Monday, December 31, 2007

One Dem against withdrawal

Stopping in Iowa City in hopes of giving the Republican frontrunners some exposure after covering a Democratic event in Council Bluffs was probably a bad idea.

The socially conservative Republicans have pretty much abandoned the biggest college town in Iowa. Rudy Giuliani was the only hopeful with any noticeable effort – or even an office here.

Mitt Romney, John McCain, Mike Huckabee and Fred Thompson don’t seem interested in the college-age group. And even Rudy has abandoned the state in hopes of greener pastures closer to his New York base in New Hampshire.

So when we saw a small military surplus store on the outskirts of the city, we couldn’t help but stop in to find out what the proprietors of what might be presumed a traditionally conservative establishment might think. Interestingly enough, we found two pro-war liberal-leaning single mothers.

Brenda Roe, who works the register at CC Military Surplus, has an interesting view on foreign policy for a Democrat.

While she is not sure which Democrat she supports right now, she says Hillary has the most practical outline for withdrawal from Iraq and the best health care plan out of any of the candidates she has heard from. Like many other Iowans, however, she will walk in to her caucus on Thursday night on the fence between a decision on one of the big gun lefties.

Brenda described people in the Iowa City area as either conservative and elite or liberal and poor or not strongly tied to the city.

“It’s conservative for the doctors and attorneys and people who own stuff, but the college is all liberal,” she said.

But her situation on the margins is a little different.

While selling Editor-in-Chief David McSwane a paratrooper knife, Brenda explained that, though she has never caucused before, she is considering it this year because of the complicated issues at stake.

Moving her short, stocky figure around the shop, she helped us with notes and told us about the store’s inventory with help from her boss, the store manager Missy Michel-Daugherty.

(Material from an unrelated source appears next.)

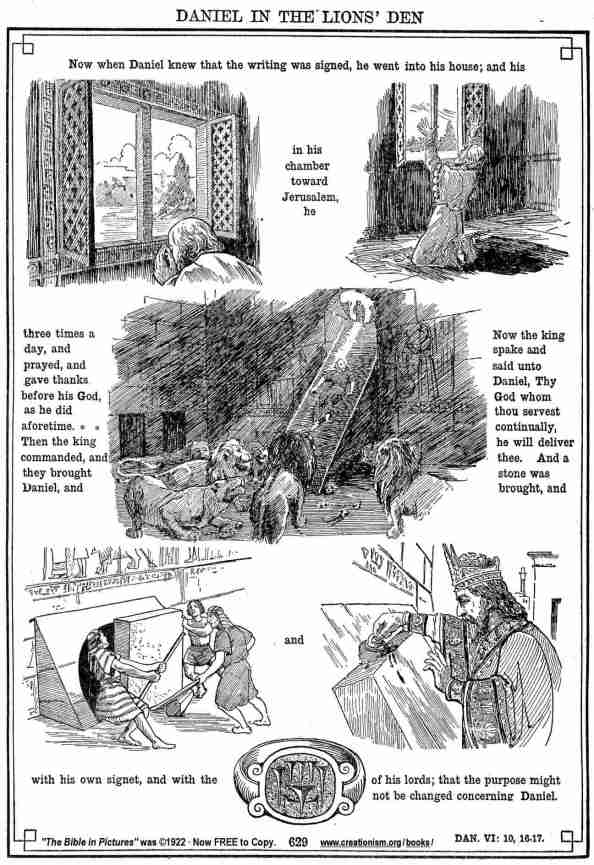 Daniel-in-the-Lions-Den-4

Neither of the women, who are also sisters, have caucused before. Brenda hasn’t because she used to work as a legal secretary for a very politically active law firm and didn’t want to deal with political bullshit on her time off. Missy never caucused because she has always been too busy working nearly 100 hours a week to keep surplus moving through her store. Still, she can’t afford to supply her employees with health care because of the small-business nature of the surplus industry.

Roe had worked for a trucking company the year before, but quit this year to work for Missy. After leaving her comprehensive health care plan along with her trucking job, Brenda now has to worry about her 14-year-old’s well-being, despite working as hard as she ever had.

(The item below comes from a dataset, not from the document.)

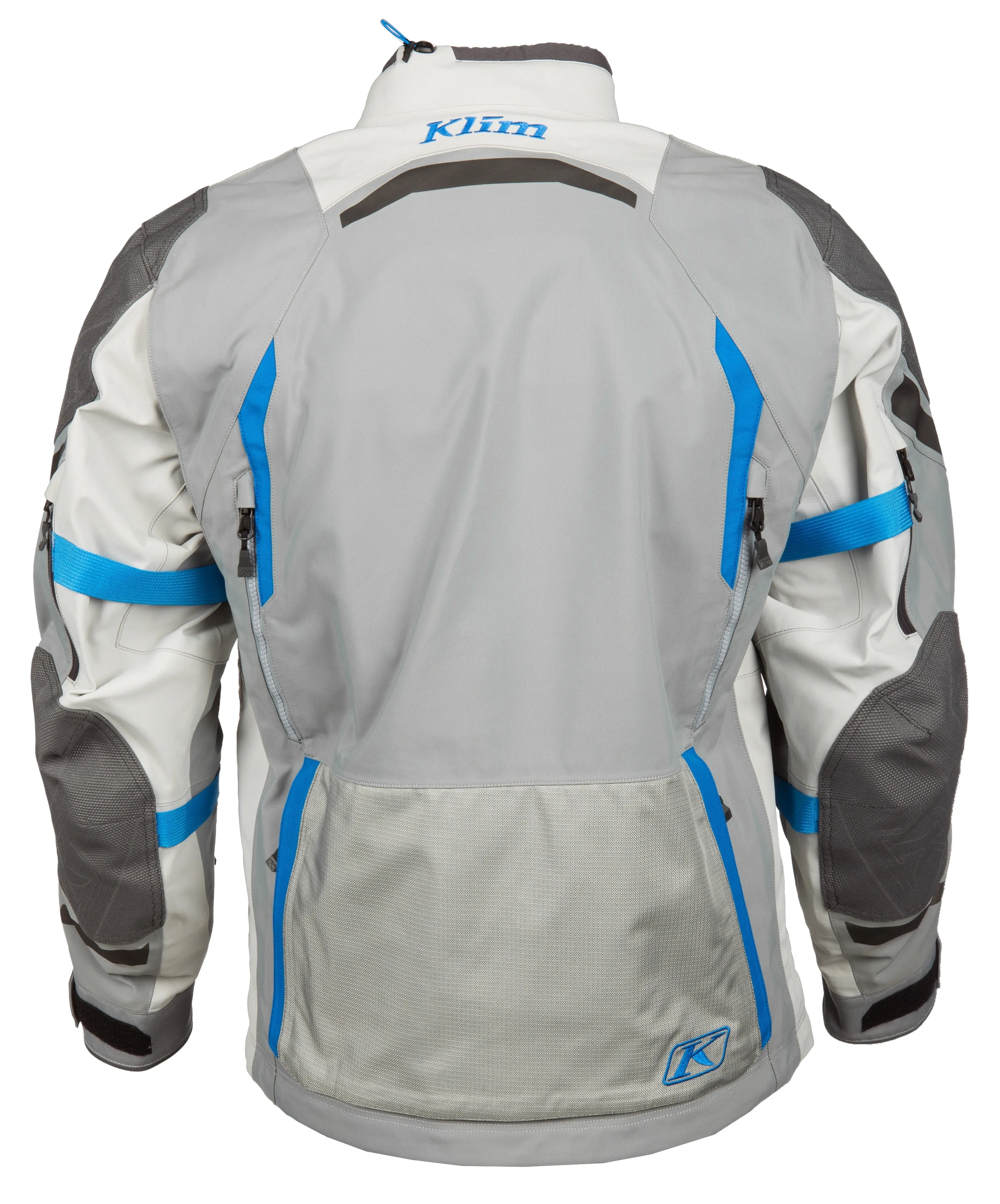 Klim Badlands Pro Jacket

“It’s not because we’re not doing our job,” she said. “It’s because (health care’s) not available.”

Clinton’s plan would mandate continued health care, when a consumer switches job.

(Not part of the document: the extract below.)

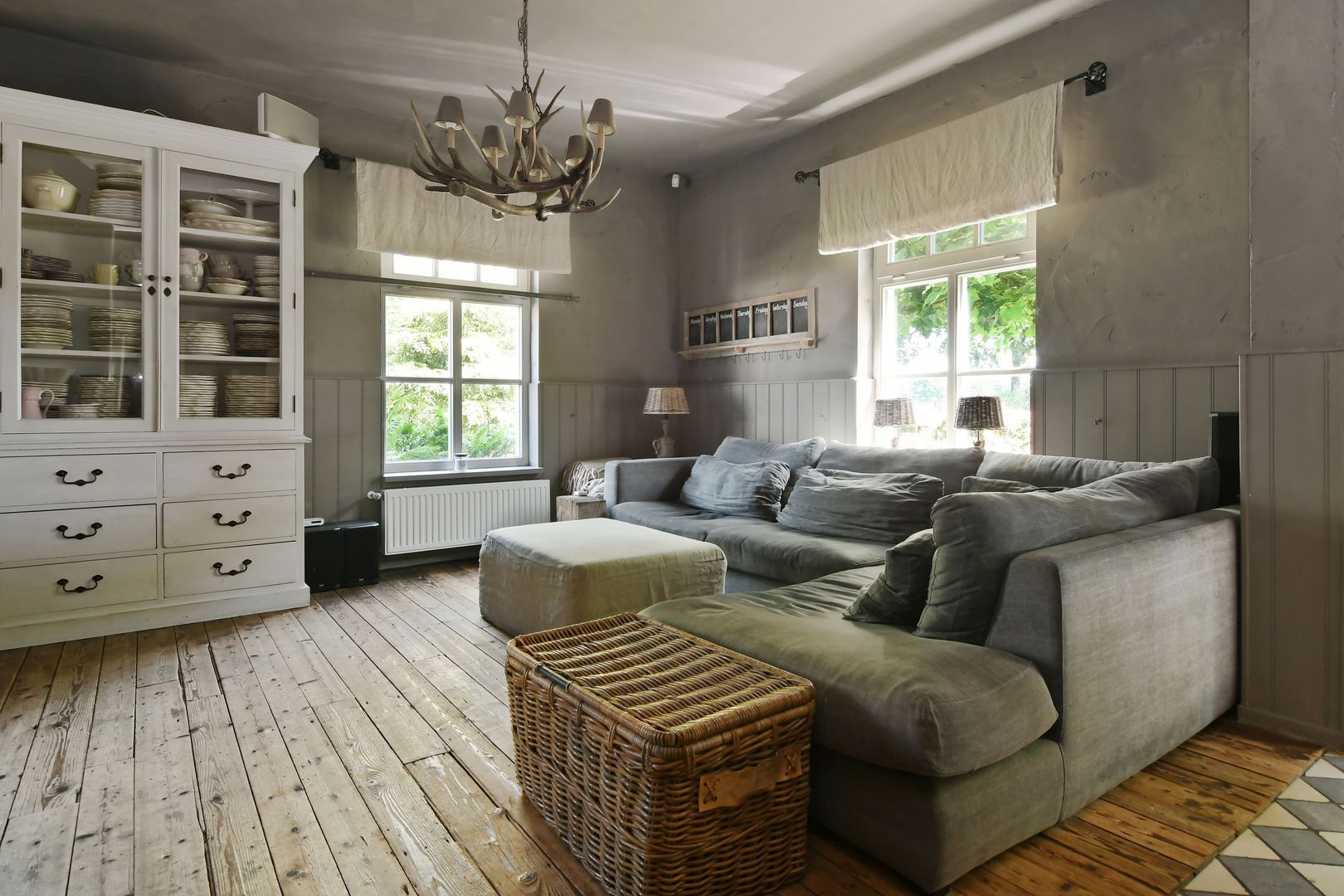 Engerstraat 4 image 1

The surplus store, located in a shopping center on the frigid plains east of town, is filled with Airsoft and Paintballing supplies, pro-war bumper stickers that say things like “Got Freedom? (Iraqis don’t),” olive green anglehead flashlights and American flags.

Roe’s views on the war reflected the ambience in the shop. She wants the war in Iraq to continue until the country is established as a sovereign entity in order to ensure a stable environment in the Middle East.

While most Democratic candidates are one way or the other on Iraq, Hillary is the only candidate with a health care plan that Roe likes and wants to keep U.S. military presence in Iraq until the civil unrest ends.

And the GOP doesn’t offer her solace either.

With the Republican candidates focusing their attention on the conservative, rural western half of Iowa and the New Hampshire primaries, Roe finds some of their policies hard to swallow. Mitt and Mike don’t strike her fancy because of their hollow talk, she said.

“Lots of pretty words and nothing behind it,” she said of the Huckabee campaign.

But with the frontrunners stoking pissing matches in the tense days leading up to the premier presidential event in the country, Brenda and Missy keep paying attention to the lighter aspects of life, encouraging a young group of college reporters to spend New Year’s Eve taking advantage the biggest hot female contingent in the state courtesy of the University of Iowa.

“It’s New Year’s,” Brenda said. “You’ll like the way the ladies are dressed.”

Hoping for some fun tonight and a more promising conservative base awaiting us in Cedar Rapids and Des Moines tomorrow, my colleagues and I keep bringing you coverage as the race unravels.